Dataset items:
* * *

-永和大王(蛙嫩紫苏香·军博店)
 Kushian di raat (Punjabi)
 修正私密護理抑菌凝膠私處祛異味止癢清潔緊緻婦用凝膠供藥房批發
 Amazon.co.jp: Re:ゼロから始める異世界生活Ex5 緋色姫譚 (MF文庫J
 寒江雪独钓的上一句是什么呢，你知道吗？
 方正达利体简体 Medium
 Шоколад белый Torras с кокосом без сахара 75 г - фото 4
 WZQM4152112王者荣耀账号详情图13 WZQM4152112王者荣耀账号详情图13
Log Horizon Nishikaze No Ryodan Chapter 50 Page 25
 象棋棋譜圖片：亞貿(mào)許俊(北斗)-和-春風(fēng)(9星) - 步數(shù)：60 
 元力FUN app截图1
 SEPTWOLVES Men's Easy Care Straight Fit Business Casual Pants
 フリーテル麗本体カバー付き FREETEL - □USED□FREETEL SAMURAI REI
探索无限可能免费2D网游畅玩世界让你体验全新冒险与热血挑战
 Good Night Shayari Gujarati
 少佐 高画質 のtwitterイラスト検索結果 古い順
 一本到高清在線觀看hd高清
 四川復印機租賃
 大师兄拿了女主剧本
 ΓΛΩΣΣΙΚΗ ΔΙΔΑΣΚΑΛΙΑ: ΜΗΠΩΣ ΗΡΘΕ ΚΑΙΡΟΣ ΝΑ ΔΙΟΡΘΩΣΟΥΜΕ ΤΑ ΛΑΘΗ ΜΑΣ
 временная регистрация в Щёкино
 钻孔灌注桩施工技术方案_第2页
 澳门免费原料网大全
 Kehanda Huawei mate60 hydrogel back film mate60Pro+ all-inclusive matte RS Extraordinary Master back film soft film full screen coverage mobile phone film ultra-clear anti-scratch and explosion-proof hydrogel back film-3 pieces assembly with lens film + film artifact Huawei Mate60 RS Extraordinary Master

* * *

Please write out, exactly as they appear, the line that contains "ΓΛΩΣΣΙΚΗ ΔΙΔΑΣΚΑΛΙΑ: ΜΗΠΩΣ" and every line after it up to the end of the entries above, and no others.

 ΓΛΩΣΣΙΚΗ ΔΙΔΑΣΚΑΛΙΑ: ΜΗΠΩΣ ΗΡΘΕ ΚΑΙΡΟΣ ΝΑ ΔΙΟΡΘΩΣΟΥΜΕ ΤΑ ΛΑΘΗ ΜΑΣ
 временная регистрация в Щёкино
 钻孔灌注桩施工技术方案_第2页
 澳门免费原料网大全
 Kehanda Huawei mate60 hydrogel back film mate60Pro+ all-inclusive matte RS Extraordinary Master back film soft film full screen coverage mobile phone film ultra-clear anti-scratch and explosion-proof hydrogel back film-3 pieces assembly with lens film + film artifact Huawei Mate60 RS Extraordinary Master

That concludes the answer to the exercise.